From the entries below, retype only the lines from the one with "Cadeau set met" through the one with "Big Dot of Happiness", exactly as written.

(Entries supplied begins)

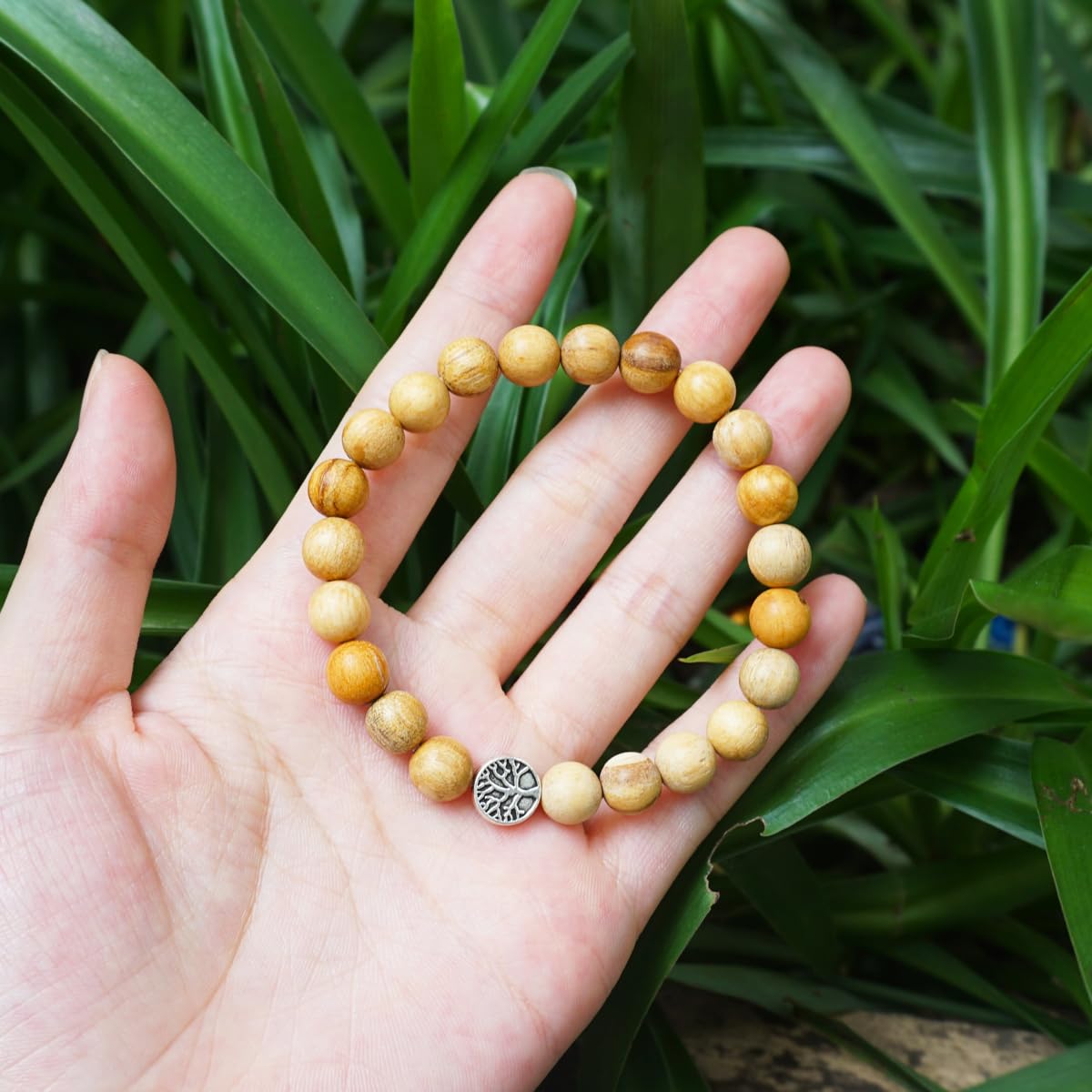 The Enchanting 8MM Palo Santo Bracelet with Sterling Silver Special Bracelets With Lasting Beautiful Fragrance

(Entries supplied ends)
(Entries supplied begins)

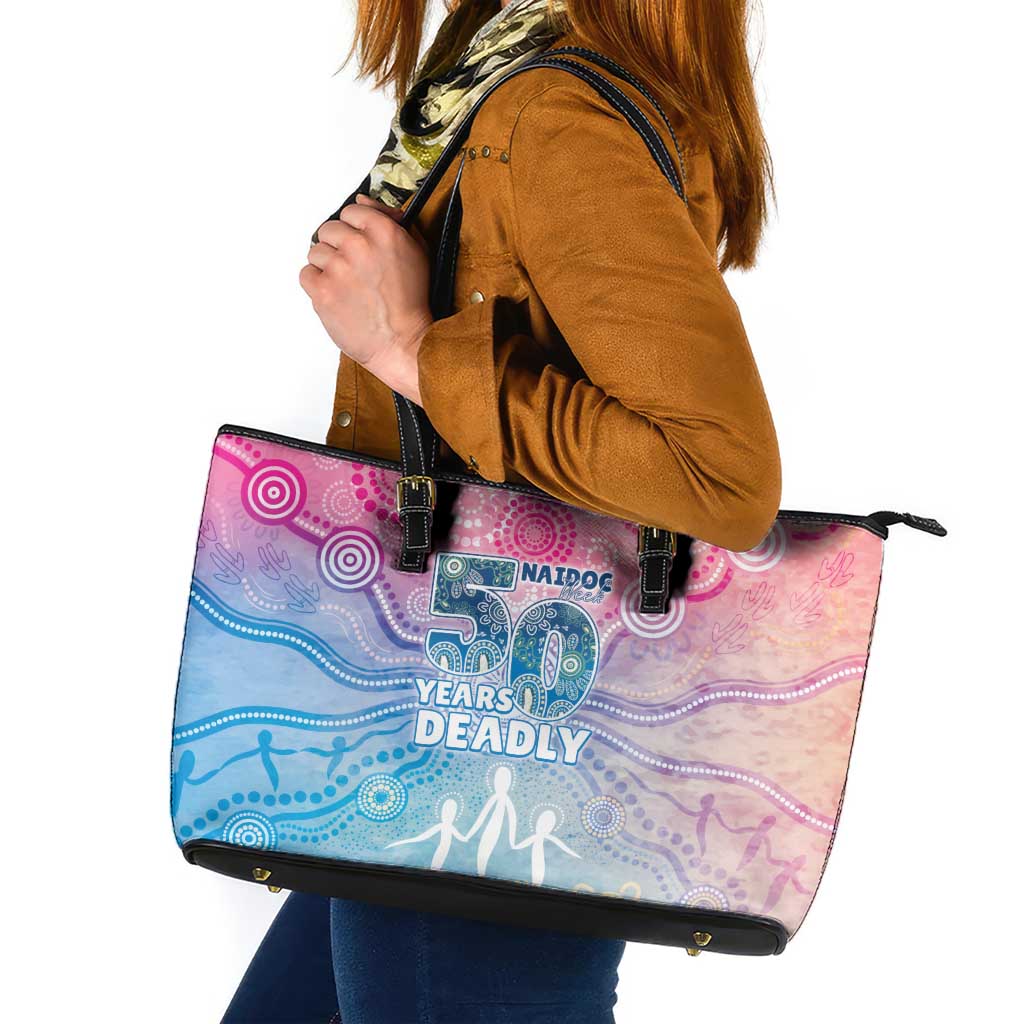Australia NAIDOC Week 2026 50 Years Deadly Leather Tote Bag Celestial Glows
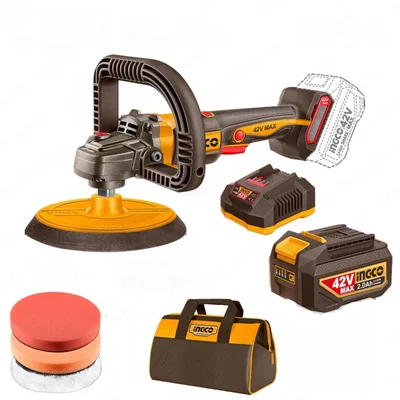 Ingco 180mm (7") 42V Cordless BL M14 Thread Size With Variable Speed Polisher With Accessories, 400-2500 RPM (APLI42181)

(Entries supplied ends)
(Entries supplied begins)

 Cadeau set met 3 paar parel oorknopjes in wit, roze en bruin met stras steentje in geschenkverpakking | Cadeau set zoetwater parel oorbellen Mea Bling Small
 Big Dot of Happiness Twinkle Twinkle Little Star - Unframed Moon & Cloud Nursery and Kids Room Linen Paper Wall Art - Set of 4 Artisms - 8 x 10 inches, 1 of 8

(Entries supplied ends)

**Answer space**
 Cadeau set met 3 paar parel oorknopjes in wit, roze en bruin met stras steentje in geschenkverpakking | Cadeau set zoetwater parel oorbellen Mea Bling Small
 Big Dot of Happiness Twinkle Twinkle Little Star - Unframed Moon & Cloud Nursery and Kids Room Linen Paper Wall Art - Set of 4 Artisms - 8 x 10 inches, 1 of 8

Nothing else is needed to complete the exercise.